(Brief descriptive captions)

****************************************

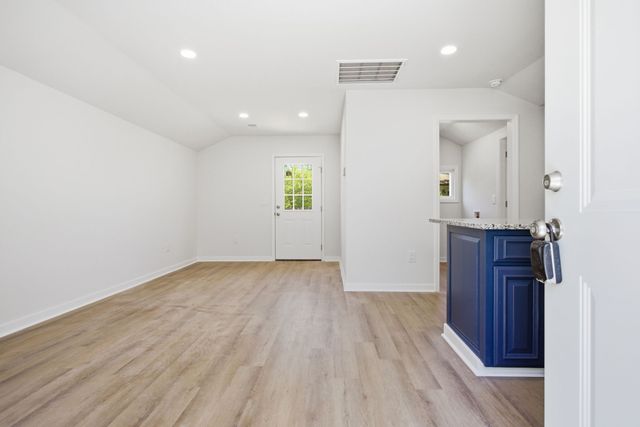 505 E 17th Street, Columbia, TN 38401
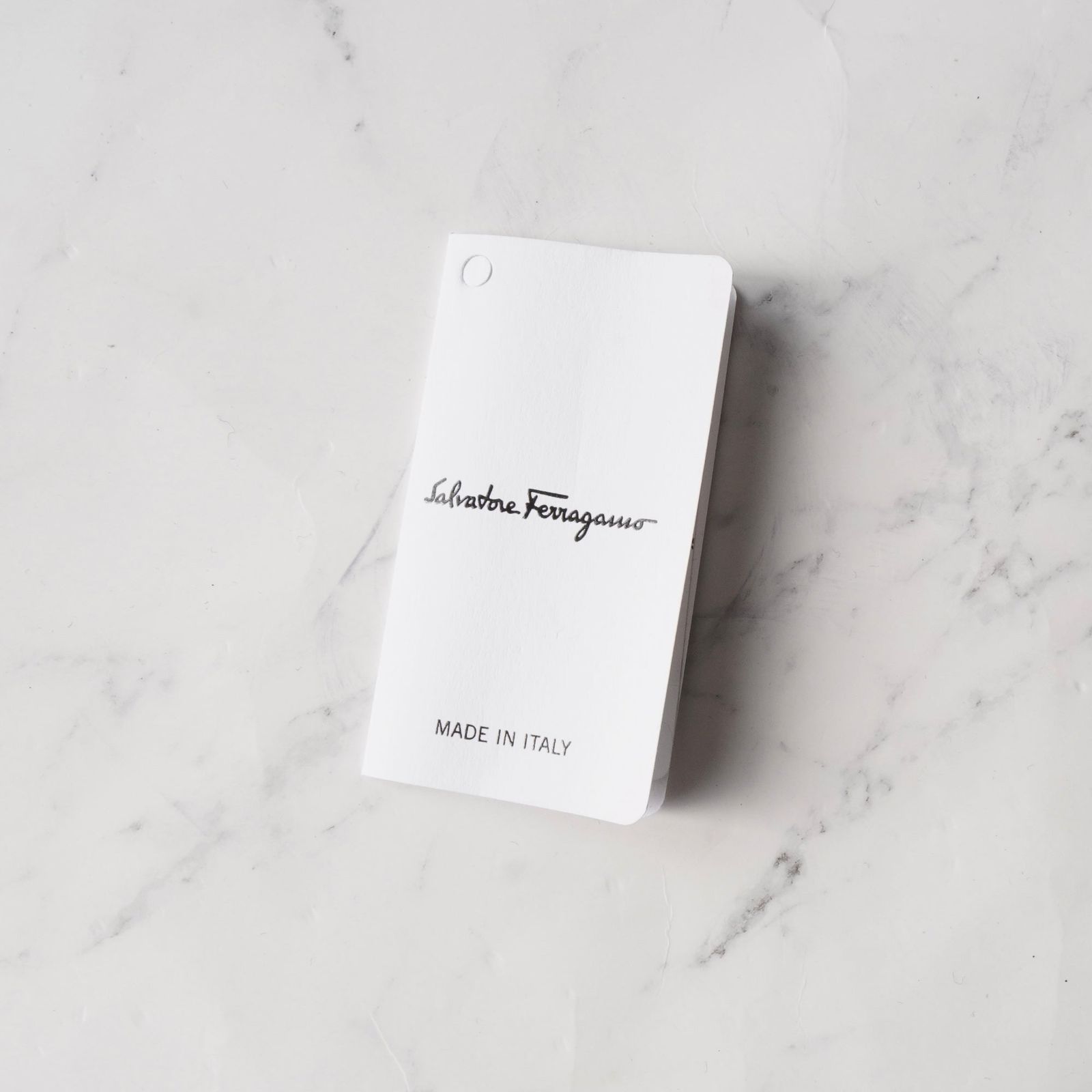 サルバトーレ フェラガモ ヴァラリボン ラインストーン ビジュー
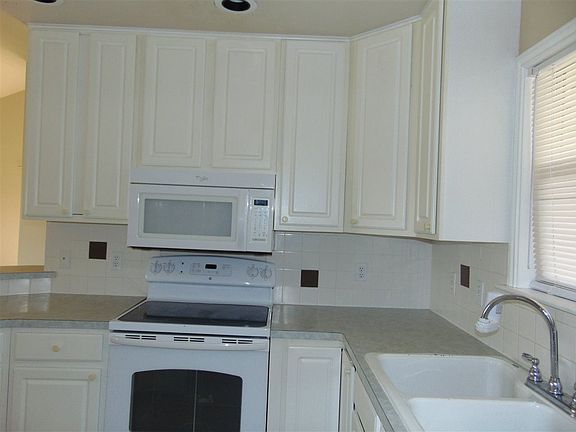 3rd image of 502 Hi Cir W #B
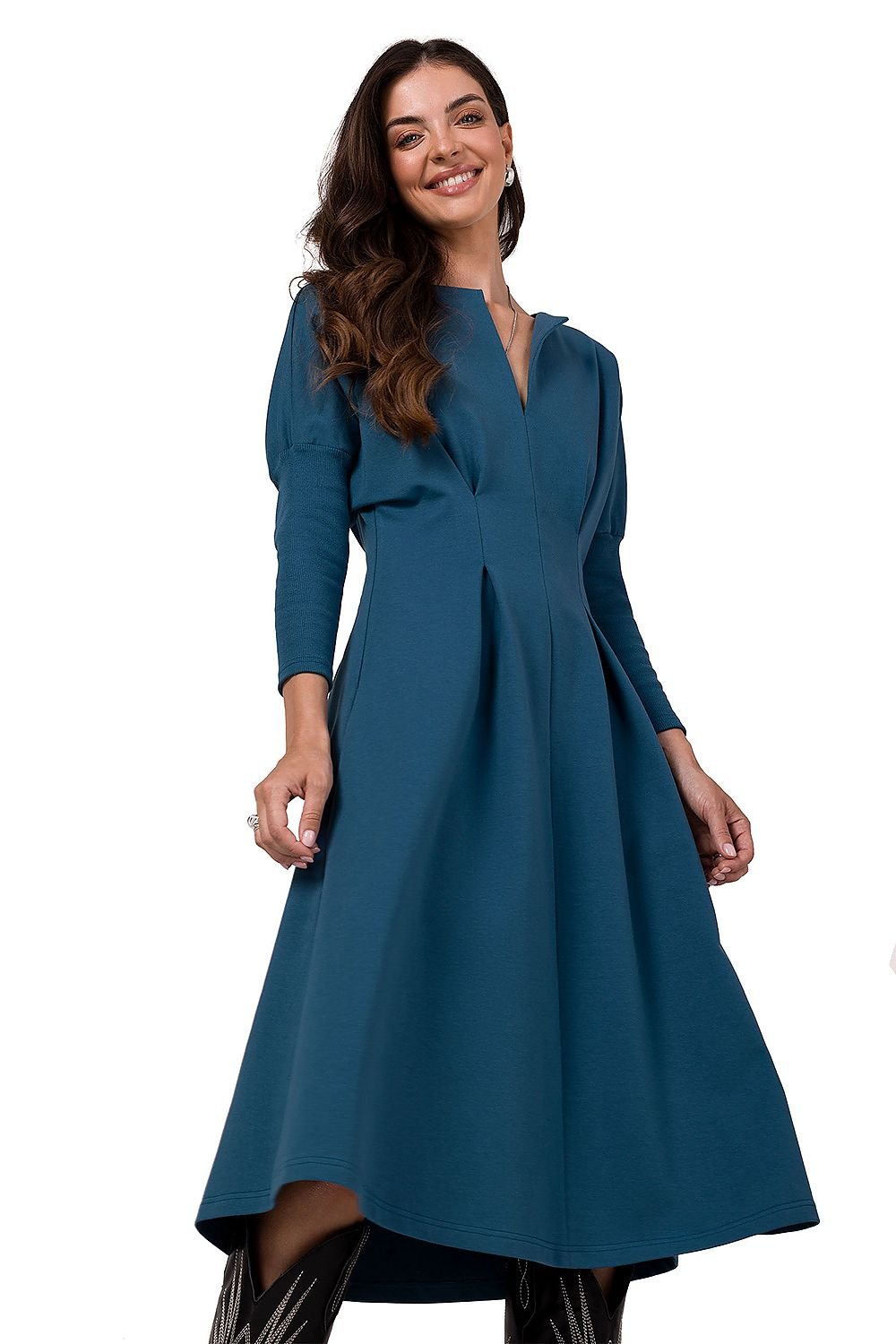 Long sleeves lovely day dress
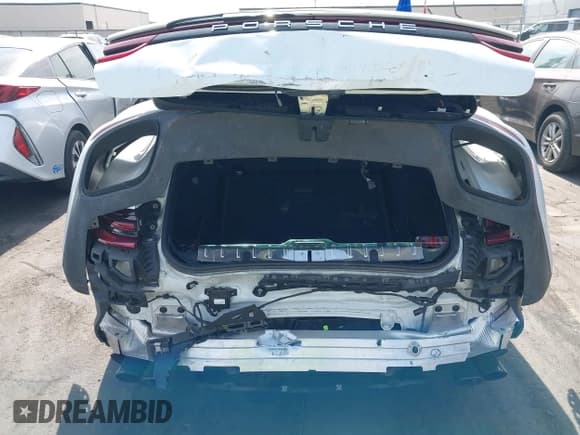 ✅ 2018 Porsche Panamera • VIN: WP0AA2A70JL104058 • Lot: 41548341. Listed on IAAI with Not provided. Free auction sales archive from the USA and detailed vehicle history report at DreamBid. Image 16.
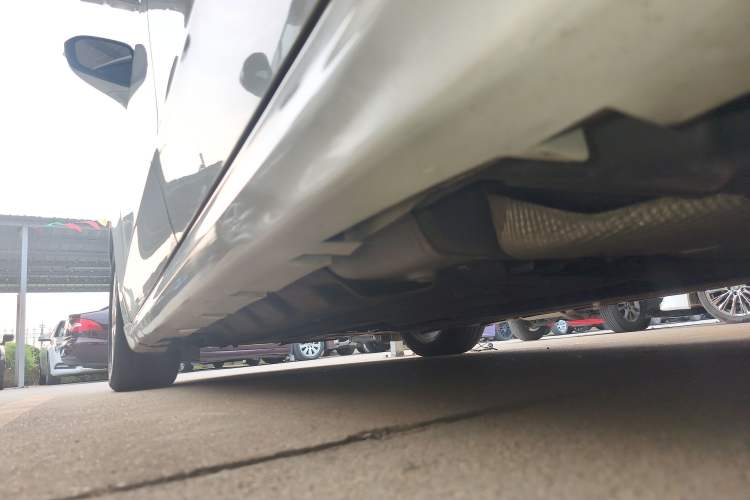 Used Ford Mondeo 2013 1.5L GTDi180 Fashion Edition Left Side Sill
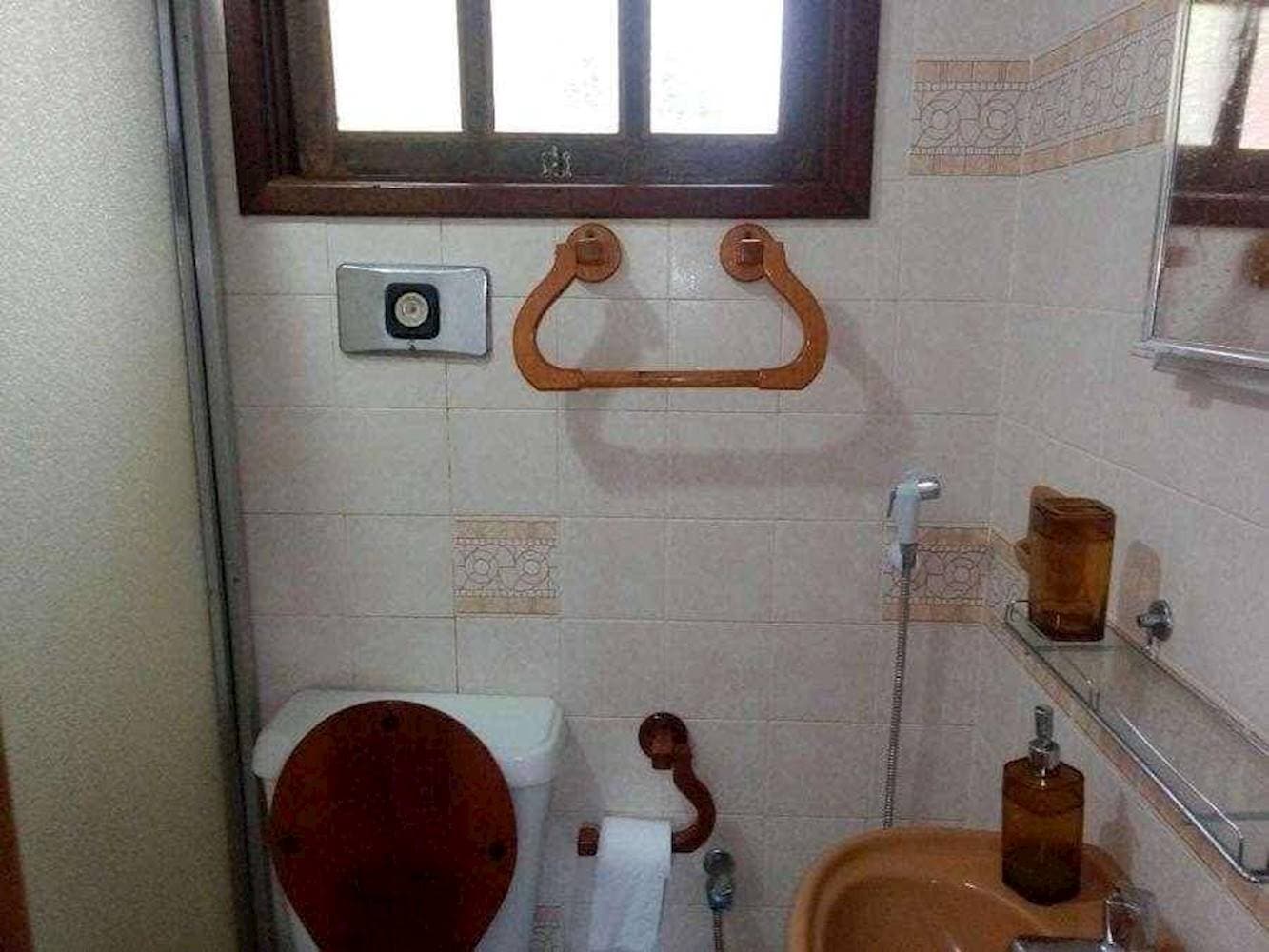 Foto 30 de 36: Casa em leilão em Teresópolis - RJ — Casa de Condomínio na Colonia Alpina em Teresópolis/RJ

****************************************

=== Instructions for the task ===
From the data above, retype only the lines starting with the line with "サルバトーレ フェラガモ ヴァラリボン ラインストーン ビジュー" and going on through the line with "DreamBid. Image 16.", exactly, leaving out the pictures.

=== Exercise result ===
 サルバトーレ フェラガモ ヴァラリボン ラインストーン ビジュー
 3rd image of 502 Hi Cir W #B
 Long sleeves lovely day dress
 ✅ 2018 Porsche Panamera • VIN: WP0AA2A70JL104058 • Lot: 41548341. Listed on IAAI with Not provided. Free auction sales archive from the USA and detailed vehicle history report at DreamBid. Image 16.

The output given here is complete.